— Activity —
With no addition or omission, return the entries below.

___

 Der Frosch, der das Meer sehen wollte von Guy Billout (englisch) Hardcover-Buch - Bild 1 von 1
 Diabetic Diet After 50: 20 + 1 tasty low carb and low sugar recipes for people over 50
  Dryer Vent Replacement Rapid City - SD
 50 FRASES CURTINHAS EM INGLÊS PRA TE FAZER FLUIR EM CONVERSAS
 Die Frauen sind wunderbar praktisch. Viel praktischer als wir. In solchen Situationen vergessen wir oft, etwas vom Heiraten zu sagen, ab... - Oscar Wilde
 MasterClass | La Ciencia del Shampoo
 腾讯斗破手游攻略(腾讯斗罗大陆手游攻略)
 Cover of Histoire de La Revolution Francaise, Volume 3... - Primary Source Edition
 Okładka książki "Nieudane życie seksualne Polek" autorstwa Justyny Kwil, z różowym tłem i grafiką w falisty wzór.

___

— Solution to this problem —
 Der Frosch, der das Meer sehen wollte von Guy Billout (englisch) Hardcover-Buch - Bild 1 von 1
 Diabetic Diet After 50: 20 + 1 tasty low carb and low sugar recipes for people over 50
  Dryer Vent Replacement Rapid City - SD
 50 FRASES CURTINHAS EM INGLÊS PRA TE FAZER FLUIR EM CONVERSAS
 Die Frauen sind wunderbar praktisch. Viel praktischer als wir. In solchen Situationen vergessen wir oft, etwas vom Heiraten zu sagen, ab... - Oscar Wilde
 MasterClass | La Ciencia del Shampoo
 腾讯斗破手游攻略(腾讯斗罗大陆手游攻略)
 Cover of Histoire de La Revolution Francaise, Volume 3... - Primary Source Edition
 Okładka książki "Nieudane życie seksualne Polek" autorstwa Justyny Kwil, z różowym tłem i grafiką w falisty wzór.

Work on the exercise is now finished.